California Approves $24 Billion Sepulveda Tunnel, Taxpayers Will Pay

California is lining up another massive transportation boondoggle: after years and billions on rail, the state is now pushing a $24 billion “high-speed” tunnel under the 405, promising unreal commute cuts while the same spending patterns and missed deadlines loom large.

The definition of insanity is doing the same thing over and over again and expecting a different outcome, and California keeps proving the point. After nearly two decades and piles of taxpayer money, the state finally “laid down the first railhead for the project.” Transportation Secretary Sean Duffy says the latest portion will cost $135 million when finished.

Now Los Angeles officials are pitching a $24 billion underground transit tunnel under the Sepulveda Pass, promising to slice a notorious commute down to under 20 minutes. The sales pitch sounds great on paper, but the state’s track record on big-ticket transport projects is a warning light. Big promises, bigger cost overruns, and timelines that stretch decades are the pattern voters keep getting sold.

Approval and design decisions are already being celebrated, but taxpayers should be skeptical about the math and the motives. Big urban projects attract consultants, contractors, and political winners who benefit long before a shovel breaks ground. Meanwhile drivers and riders still face the daily reality of congestion and delays while politicians chase headline-friendly solutions.

Local boosters say an automated subway will link Ventura to Santa Monica with stops at major boulevards, and they claim an 18-minute trip will replace what many endure as a 90-minute slog. That kind of time savings looks dramatic, but it assumes everything goes perfectly: construction, testing, automation, and operations. Perfection has not been California’s strong suit on these mega-projects.

After many months of discussions, the LA Metro Board has finally approved an underground heavy rail subway to travel the ultra congested Sepulveda corridor where traffic nightmares have long haunted commuters. 

It’ll take just 18 minutes to travel the corridor on the train, that’s one hour and 12 minutes less than the typical 90 minutes drivers suffer through the famed pass.

The project will also cost an estimated $24 billion.

The automated subway will snake underneath Van Nuys Boulevard through the pass and all the way to Santa Monica according to Metro’s official website. It will include stops at Ventura, Wilshire, and Santa Monica Boulevards.

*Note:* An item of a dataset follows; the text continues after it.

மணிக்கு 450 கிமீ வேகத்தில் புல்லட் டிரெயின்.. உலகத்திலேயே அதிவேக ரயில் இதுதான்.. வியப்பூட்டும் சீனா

Many options were considered, including a monorail high above the freeway.

Elon Musk has been a critic of LA spending billions on building tunnels, offering up his Boring Company as a much cheaper way of digging underground.

Officials are already penciling in a completion date of 2038, a timetable that invites skepticism given similar promises on other projects. No one expects this to finish on time or under budget; the mix of scope creep and bureaucratic delays is practically guaranteed. The state’s long-running high-speed rail program has been under construction in fits and starts for years, proving that large sums do not equal efficient delivery.

This writer has watched one of those rail efforts stretch across three kids’ childhoods, and the patience of taxpayers isn’t infinite. Projects that start with fanfare and end with litigation, delays, and dashed expectations erode public trust. California keeps chasing shiny infrastructure headlines while the fundamentals of cost control and accountability lag behind.

Critics point out alternatives and lower-cost options that were dismissed early in planning, and voices like Elon Musk’s have suggested less expensive tunneling approaches. Those proposals get brushed aside when the political benefit favors bigger, flashier projects. The result is a pipeline of expensive contracts that feed private interests while taxpayers shoulder the long-term tab.

There’s a familiar chorus from Sacramento and City Hall promising rigorous oversight and strict budgets, but promises are cheap in a state with a history of overruns. The political calculus here is obvious: big projects can translate into big campaign donations and media-friendly milestones. Voters deserve projects that deliver value, not grand announcements that create headline-driven spending sprees.

The cynical take is hard to dismiss: another enormous program that will bleed money, miss deadlines, and become the next political millstone. They probably couldn’t have grifted off of this without getting attention, yet attention is exactly what fuels continued spending. When projects become trophy items rather than practical solutions, taxpayers lose.

Republican skeptics will keep pressing for transparency, realistic cost estimates, and smaller, modular investments that improve traffic now instead of chasing decades-long mega-project fantasies. We’re surprised Governor Gavin Newsom would embrace another high-profile effort with such shaky odds of success, but then again, Newsom himself said he’s not the brightest crayon in the box. That kind of candid line might be funny—until taxpayers write the checks.

At the end of the day, politicians can promise 18-minute commutes and shiny tunnels, but voters should ask who pays when the tab balloons. California already has a long history of expensive experiments that underdeliver, and this new tunnel looks like the next chapter in that story. Anyone with a business eye will want accountability before signing off on another multibillion-dollar leap of faith.